Investigação

PJ poderá reabrir caso de irlandesa que acredita ter sido violada por suspeito do caso Maddie

PJ poderá reabrir caso de irlandesa que acredita ter sido violada por suspeito do caso Maddie

As autoridades portuguesas poderão reabrir em breve o caso da violação sofrida por uma mulher irlandesa, em 2004, numa praia em Portimão. O pedido da reabertura do processo foi feito pela vítima às autoridades inglesas, na sequência dos recentes desenvolvimentos sobre o caso Maddie.

A Polícia Judiciária iniciou um processo que poderá levar à reabertura da investigação em torno da violação de uma mulher de nacionalidade irlandesa, ocorrida em 2004, no Algarve, avançou o jornal britânico "The Guardian", que cita fonte do Ministério Público. O objetivo é apurar eventual responsabilidade do mais recente suspeito do rapto de Madeleine McCann, em 2007, o alemão Christian Brückner.

De acordo com o diário de referência do Reino Unido, depois de serem contactados pela Polícia britânica, os inspetores portugueses recuperaram, na semana passada, o processo, já arquivado, do ataque à irlandesa Hazel Behan, que estava a trabalhar como agente turística na Praia da Rocha, em Portimão. Um juiz vai, mais tarde, decidir se os investigadores podem reabrir oficialmente o caso, decisão que, diz o "The Guardian", dificilmente acontecerá antes do outono.

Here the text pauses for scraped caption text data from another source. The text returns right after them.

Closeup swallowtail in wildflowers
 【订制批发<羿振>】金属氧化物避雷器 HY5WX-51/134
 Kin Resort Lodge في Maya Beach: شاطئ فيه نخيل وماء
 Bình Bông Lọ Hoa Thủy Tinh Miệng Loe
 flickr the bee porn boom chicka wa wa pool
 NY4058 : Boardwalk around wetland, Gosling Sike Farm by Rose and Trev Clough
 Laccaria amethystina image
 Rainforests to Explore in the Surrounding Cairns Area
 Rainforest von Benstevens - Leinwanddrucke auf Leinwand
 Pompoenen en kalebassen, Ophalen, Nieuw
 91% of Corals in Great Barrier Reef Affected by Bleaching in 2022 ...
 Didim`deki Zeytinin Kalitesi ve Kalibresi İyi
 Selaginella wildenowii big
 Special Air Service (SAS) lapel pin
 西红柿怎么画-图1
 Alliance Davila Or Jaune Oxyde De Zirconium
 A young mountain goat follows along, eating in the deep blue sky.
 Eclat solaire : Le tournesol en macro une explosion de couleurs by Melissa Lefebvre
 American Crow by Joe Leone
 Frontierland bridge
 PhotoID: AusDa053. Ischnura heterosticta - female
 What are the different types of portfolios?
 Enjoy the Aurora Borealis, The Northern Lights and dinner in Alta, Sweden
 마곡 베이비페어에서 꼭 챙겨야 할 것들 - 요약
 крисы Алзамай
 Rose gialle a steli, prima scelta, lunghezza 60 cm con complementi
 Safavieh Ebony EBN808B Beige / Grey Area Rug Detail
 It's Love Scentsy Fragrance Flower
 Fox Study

No mês passado, Hazel Behan pediu às autoridades britânicas que trabalhavam no desaparecimento de Maddie que revissem o seu caso, depois de saber que o novo suspeito apontado como eventual responsável pelo desaparecimento da menina de quase quatro anos tinha sido condenado por um crime sexual. O homem, agora com 43 anos, está a cumprir pena pela violação de uma cidadã americana de 72 anos, na Praia da Luz, em 2005. A irlandesa disse em entrevista recente que ficou chocada com as semelhanças de "táticas" e "métodos" entre os dois casos.

O processo de Hazel Behan, um documento de 110 páginas a que o "The Guardian" teve acesso" e que está num tribunal em Portimão, inclui detalhes sobre objetos recolhidos pela Polícia na cena do crime, entre os quais tesouras usadas pelo atacante para cortar a roupa da vítima, e uma blusa onde foi encontrado sangue.